So, what made you see Oculus? The fact that it’s produced by WWE studios?
No, though that was a surprise. I saw it because it was the only thing playing at the drive-in that we both wanted to see.
The drive in? Did you go for malts after? Were you wearing your poodle skirt?
Drive-ins are the only way to go these days, if you’re fortunate enough to live near one. First off, they’re significantly cheaper. More importantly, you watch the movie in the isolation chamber of your car. Kids. Teens. Tweens. Texters. Noisy eaters. Yappers. Assholes who get all pissy because you to put your feet up on the chair in front of you, just because their girlfriend is sitting in it. None of them can hurt you anymore. Plus, you can bring whatever you want to eat or drink or smoke. How did non-drive-ins ever even get off the ground?

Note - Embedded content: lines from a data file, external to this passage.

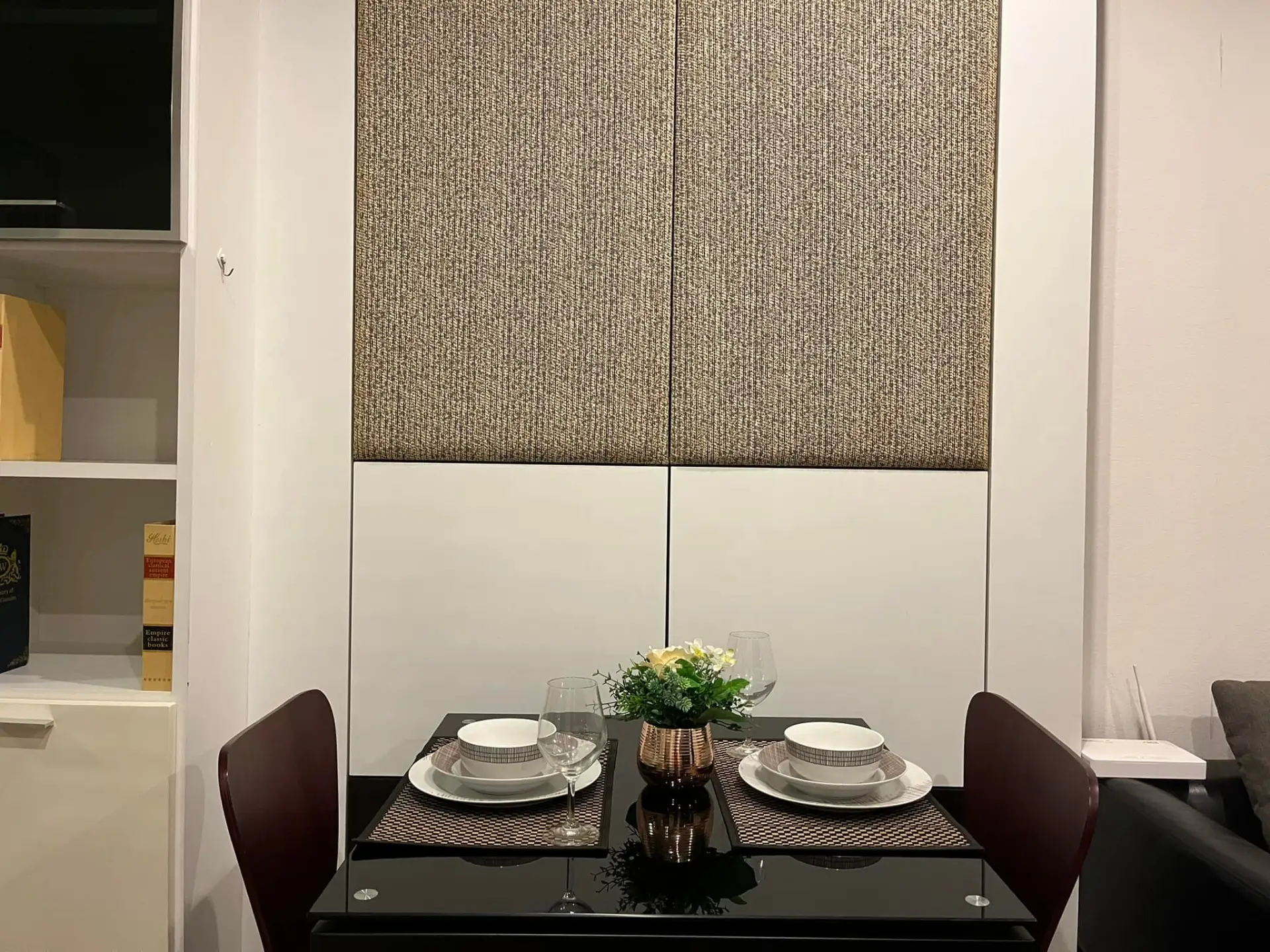 Property photos for The Room Sukhumvit 62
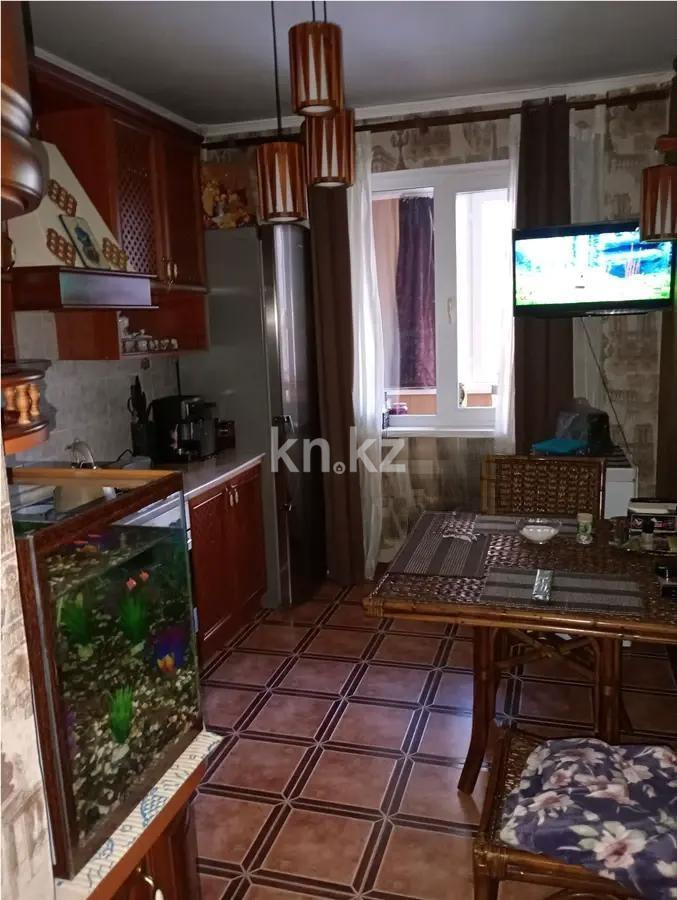 Продажа 2-комнатной квартиры, 61 м² - Продажа квартир в Ауэзовском р-не Алматы - страница 4 фото 3 из 4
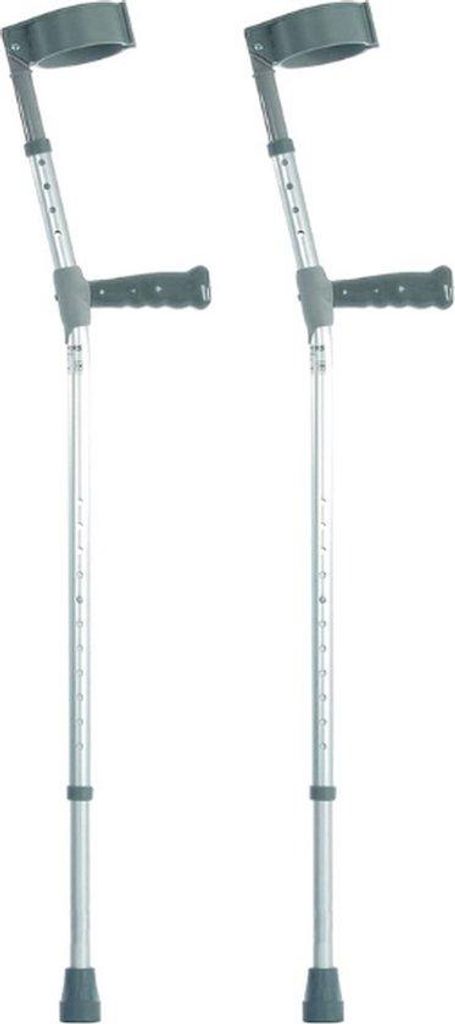 Ausili ergonomici per la deambulazione per la parte Immagine del prodotto 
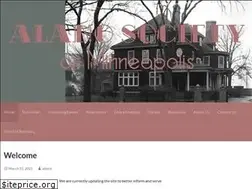 Sites similar to 2218alano.org
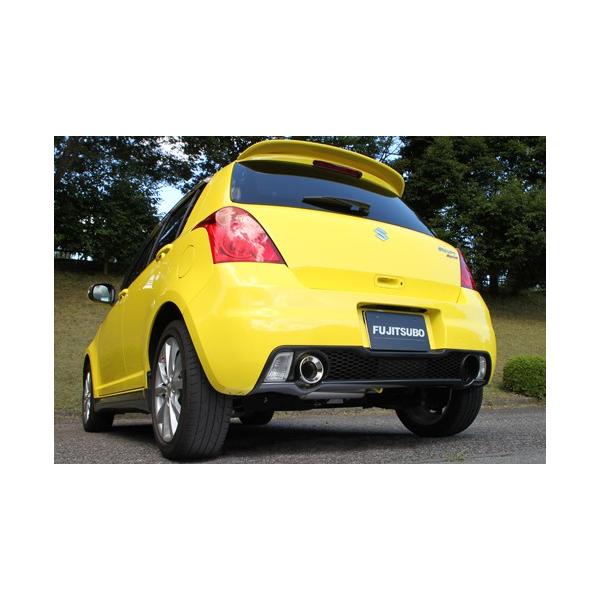 tWc{ XCtg CBA-ZC31S }t[ 250-81525 FUJITSUBO A-RM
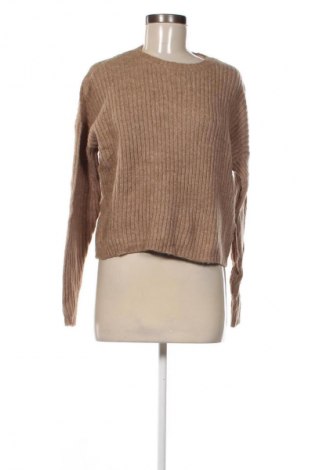 Damenpullover Vero Moda, Größe M, Farbe Braun, Preis € 9,99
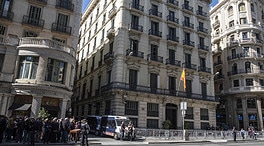 Una juez de Barcelona rechaza investigar torturas de la policía franquista en una comisaría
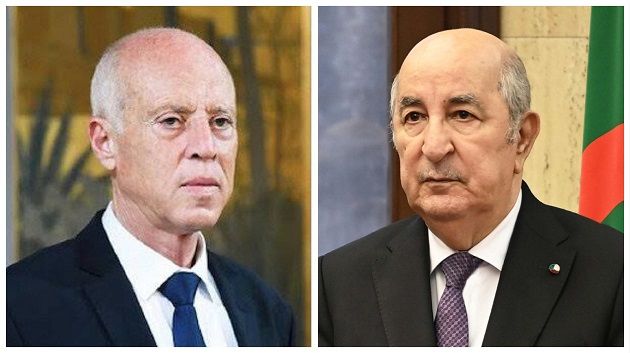 تبون يُعزي سعيّد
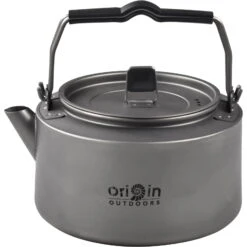 Origin Outdoors Camping-Kessel - Titan Wasserkessel
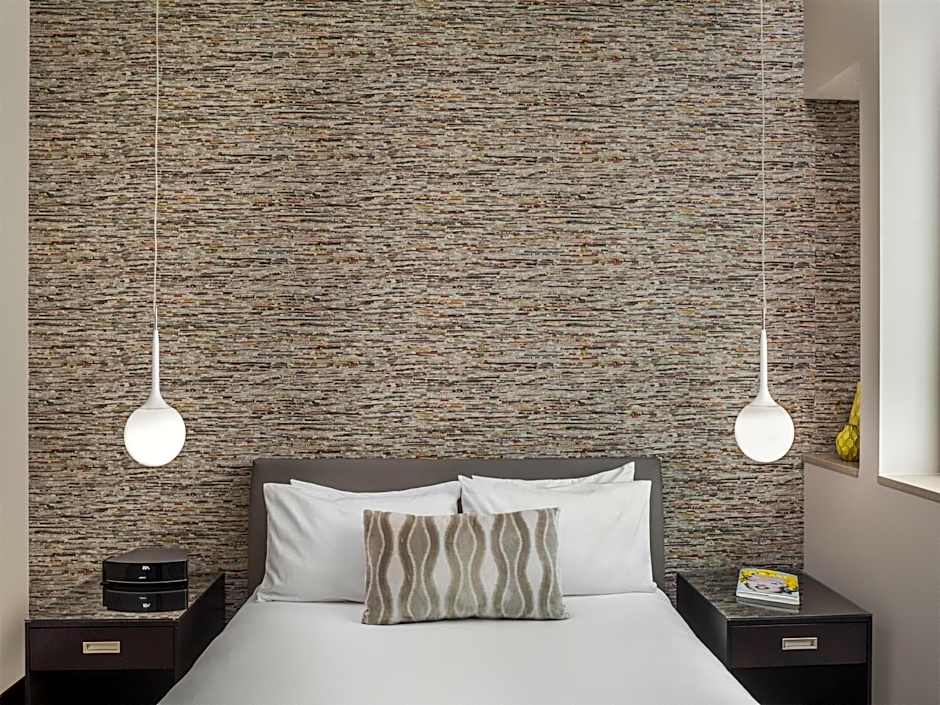 Conrad By Hilton Indianapolis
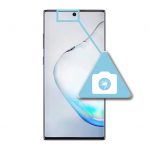 Samsung Galaxy Note 10 Plus CAmera Glass Bytte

So the fact that Oculus was playing was incidental. You’re just a cheapskate who wants to smoke crack and watch movies while pantless.
Yes, but it turns out that this is an excellent horror movie. Potentially a classic. I can easily see myself flipping through the channels 20 years from now and being like, ooooh, Oculus!
That’s funny, because I thought it was a movie about a ghost mirror.
It is! But it’s an excellent movie about a ghost mirror. Possibly the best movie ever made about a ghost mirror.
Let’s start with the basics.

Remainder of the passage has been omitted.